Friday, June 10, 2011

Cutty's: Laid-back Local Sandwich Shop

This review originally published on June 9, 2011 at The Brookline Patch

I’m standing in line at Cutty’s, the sharp new sandwich shop in Brookline Village. In line with me are a couple of college kids, an elderly man on crutches, a glamorous woman toting a Floris-London bag, and a young couple with a stroller. Ah, sandwiches—the great equalizer.

Inside the door is a large sign, handwritten on butcher paper, advertising Cutty’s own pork fat for sale, with suggested uses ranging from the serious (sautéing, roasting) to the tongue-in-cheek (bronzer, eyebrow sculptor). That’s the kind of place this is: a gourmet sandwich shop for those serious about taste and locally sourced ingredients. But even if you don’t care about all that—even if you just want a really good sandwich—then this is your kind of place, too.

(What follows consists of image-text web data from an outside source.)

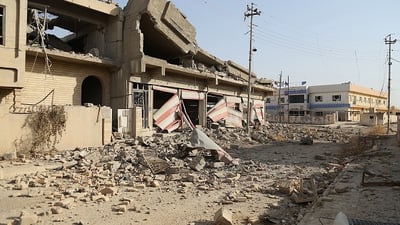 الأنبار: قائمة بأسماء المشمولين بالتعويضات جراء العمليات العسكرية والإرهابية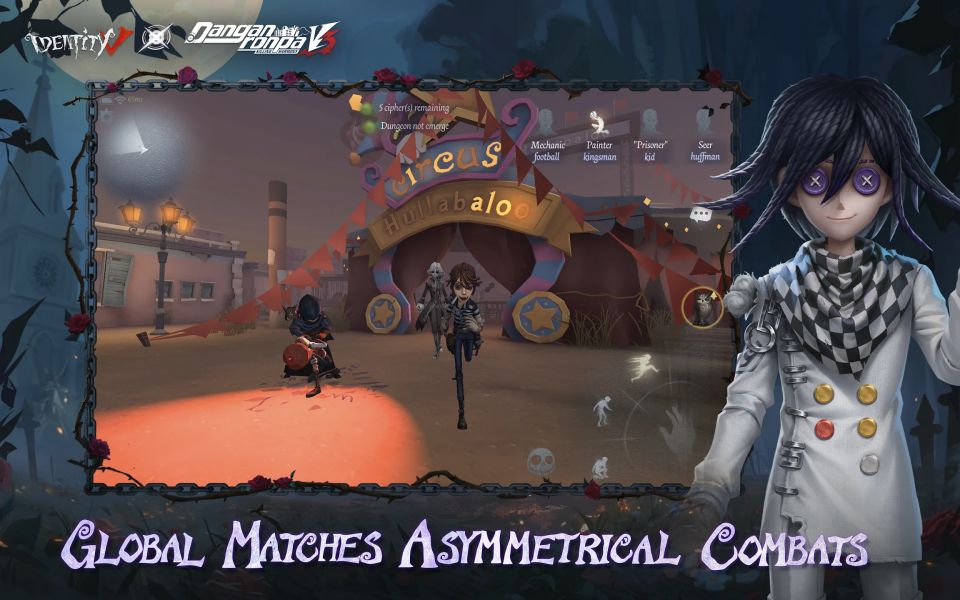 Identity V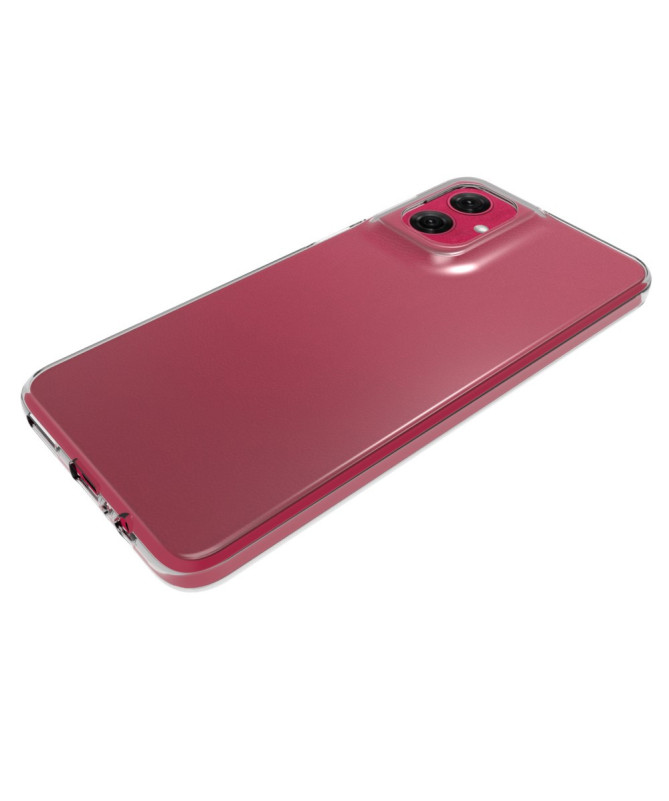 Coque Moto G55 5G Prem's Transparente
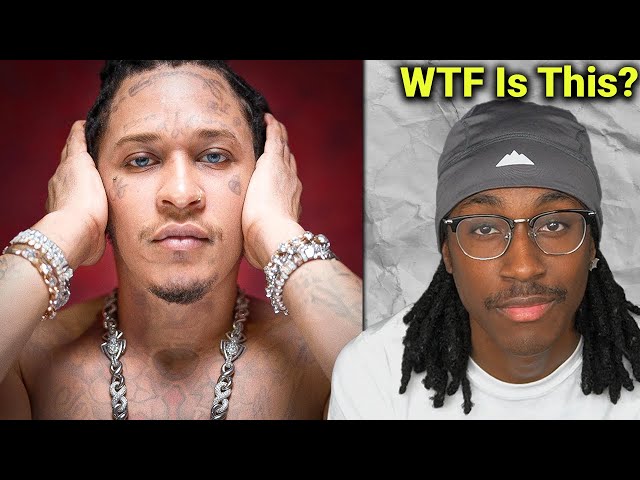 Rap Has a Raccoon Problem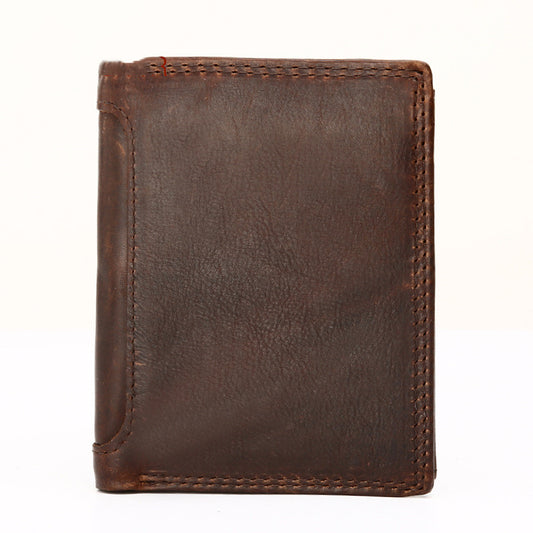 Cartera Vintage de Cuero para Hombre Ejecutivo - Image 2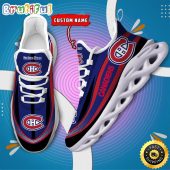 NHL Montreal Canadiens Clunky Max Soul Shoes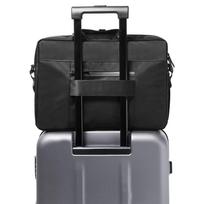 laptopo krepsiai - Spigen KD300 Laptop Bag - Black - 8 nuotrauka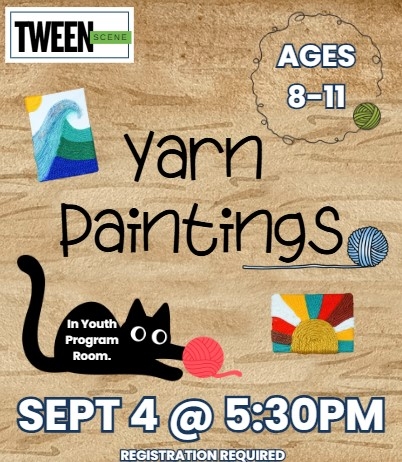 Image of program flyer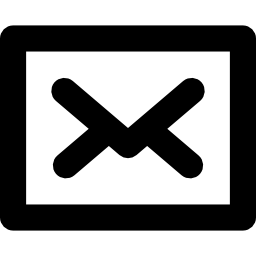 Letter icon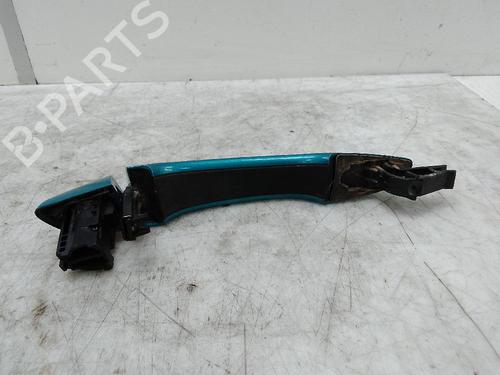 Højre bagtil udvendigt håndtag CITROËN C3 / C3 ORIGIN III (SX) 1.2 THP 110 (110 hp) 19137988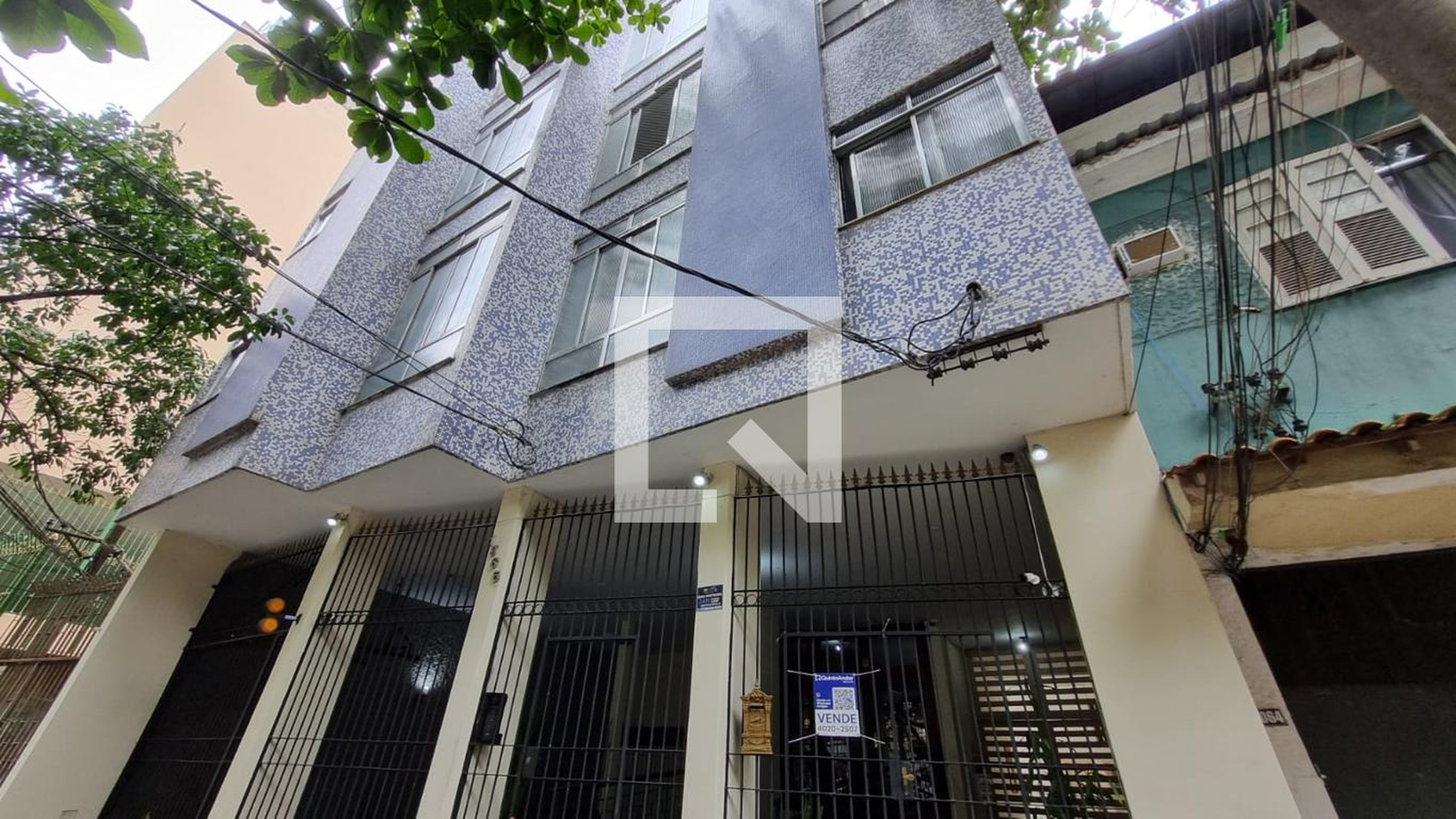 Fachada Edifício Coimbra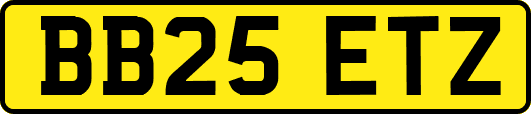 BB25ETZ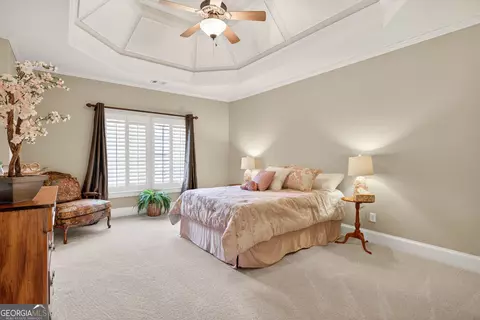 Bedroom - 2761 Calloway Ct, Duluth, GA 30097 photo 9 of 17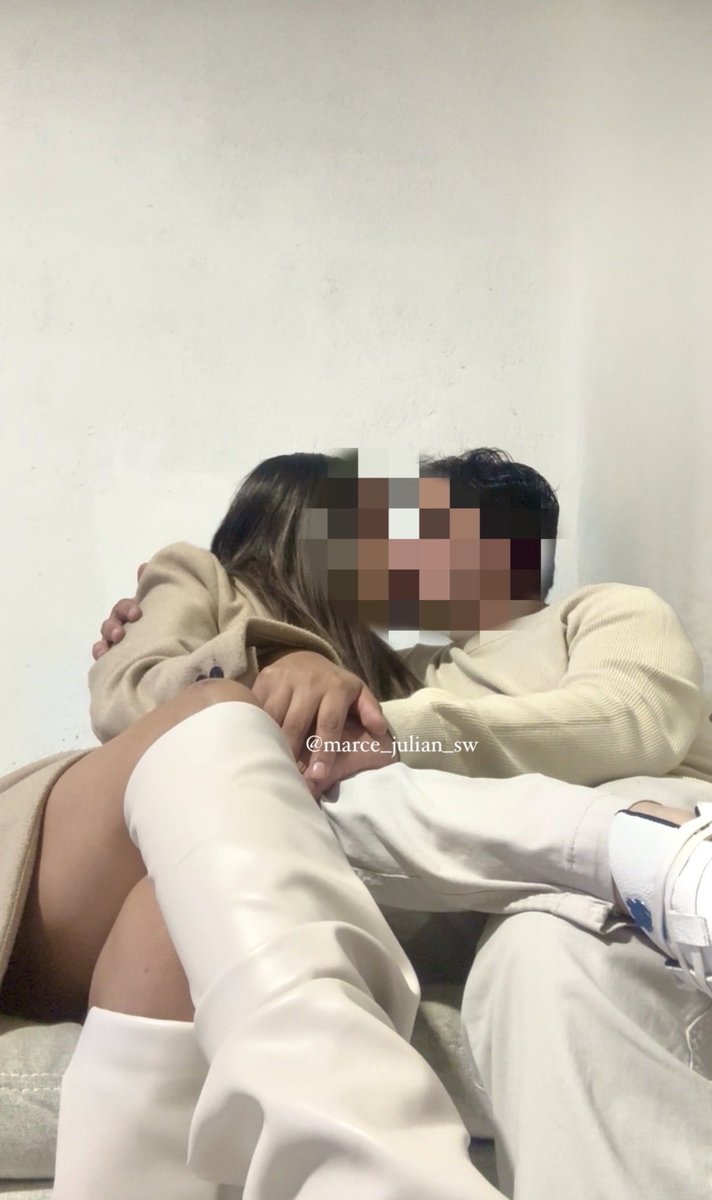 Marcela y Julián tweet media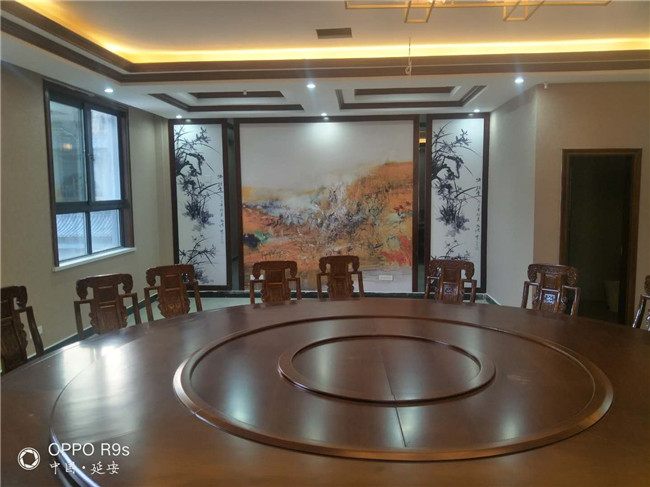 延安饭店装修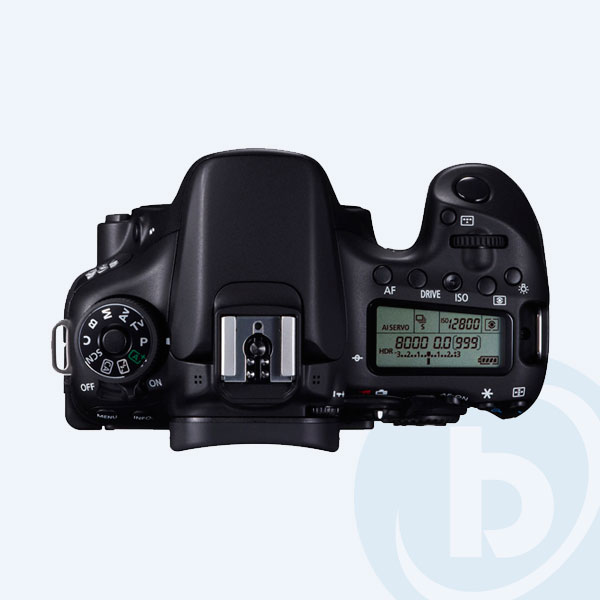 8469B016AA - C&aacute;mara digital Canon EOS REFLEX 70D, 20MP, Zoom 10x, LCD 3.0'', WiFi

Cutty’s serves breakfast beginning at 8am, offering dishes like their own crumb cake ($1.70) and housemade granola with honey and yogurt ($3.65).  I’m still hoping for a morning when I can head over to Cutty’s to make a breakfast out of their roasted seasonal fruit with yogurt ($2.95).

The "Spuckie"

But for my lunch visit, I was eager to order the “Spuckie” ($7.75), a sandwich hailed as an inspired creation on far-reaching foodie websites, and it lived up to its reputation: supple handmade mozzarella, mortadella, capicola with a hint of heat, fennel salami, and an olive-carrot salad that simultaneously added sweetness, brine, and a bit of crunch.  Vegetarians can choose the Eggplant Spuckie ($7.25), with savory planks of marinated eggplant replacing the meat. Ciabatta bread, with a crust crispy enough to produce an audible crackle when you bite in, plays as equal partner to the fillings here.  Other places might get a draw through portion size, but the Spuckie―and indeed all of Cutty’s sandwiches―illustrate a “less is more” mantra, with the final product being a balanced gourmet sandwich.
Alongside my Spuckie, I had a cup of tomato soup, smooth and intensely tomato-y but too sweet for my taste, and a bag of crispy, golden, and perfectly addictive homemade potato chips ($2), sprinkled with large-grain salt.  A number of salads, like carrot and chickpea salad ($3.75) and mixed greens with shaved fennel, crispy shallots, peanuts, and aged gouda ($6.95) beckoned temptingly from the menu.
The Niman Ranch ham in the Ham Dijon sandwich ($6.45) is so good―soft, smooth, and smoky―that I could eat it plain by the forkful.  It arrives on a chewy baguette with a veneer of Dijon mustard and another of butter, giving a subtle richness to the bread.  Sliced cornichons add a gentle pucker.
Sautéed chard lends a deep earthiness to the Greens Bacon sandwich ($6.95), which suffered overall from intensely salty bacon; be sure to order a drink, like the not-too-sweet hand squeezed limeade ($1.85), alongside.  
The Roast Beef 1000 ($7.95) is one of the simplest sandwiches on the menu, yet one of the most satisfying―the beef itself is sublimely tender and savory, showcased with cheddar cheese, 1000 island dressing, and a layer of crispy shallots on top of a brioche bun.
Greens Bacon sandwich

On Saturdays, Cutty’s offers two additional specialty sandwiches, both featuring slow-roasted pork: the Pork Fennel ($8.75) with pickled fennel and roasted garlic, and the Pork Rabe ($8.95) with provolone and sautéed broccoli rabe.  We didn’t care for the unpleasantly gamey taste of the pork, and set our Pork Rabe aside after only a few bites.
Round out your lunch with a chocolate chip cookie ($.95) so buttery it could pass for chocolate-studded shortbread, or a truly amazing brown sugar cookie ($.95) with a depth of flavor revolutionary to sugar cookies in general.  This is perfect picnic food―and with nothing but warm, sunny days ahead, a picnic seems like the perfect reason to grab a Spuckie.

Cutty’s is open for breakfast and lunch Monday through Saturday 8am-3pm, with lunch beginning at 11am.  248 Washington Street, Brookline.  MBTA: Green line (D) to Brookline Village.